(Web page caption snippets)
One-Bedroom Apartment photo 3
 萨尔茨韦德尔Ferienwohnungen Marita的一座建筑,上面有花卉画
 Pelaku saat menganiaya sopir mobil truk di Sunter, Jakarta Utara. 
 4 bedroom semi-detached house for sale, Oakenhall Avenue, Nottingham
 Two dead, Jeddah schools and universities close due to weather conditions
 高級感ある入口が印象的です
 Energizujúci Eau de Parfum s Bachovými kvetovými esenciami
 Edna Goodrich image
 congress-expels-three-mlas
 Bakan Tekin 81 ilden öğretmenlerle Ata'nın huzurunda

:: Action item ::
An exact transcription of all the records is needed.

:: Solution ::
One-Bedroom Apartment photo 3
 萨尔茨韦德尔Ferienwohnungen Marita的一座建筑,上面有花卉画
 Pelaku saat menganiaya sopir mobil truk di Sunter, Jakarta Utara. 
 4 bedroom semi-detached house for sale, Oakenhall Avenue, Nottingham
 Two dead, Jeddah schools and universities close due to weather conditions
 高級感ある入口が印象的です
 Energizujúci Eau de Parfum s Bachovými kvetovými esenciami
 Edna Goodrich image
 congress-expels-three-mlas
 Bakan Tekin 81 ilden öğretmenlerle Ata'nın huzurunda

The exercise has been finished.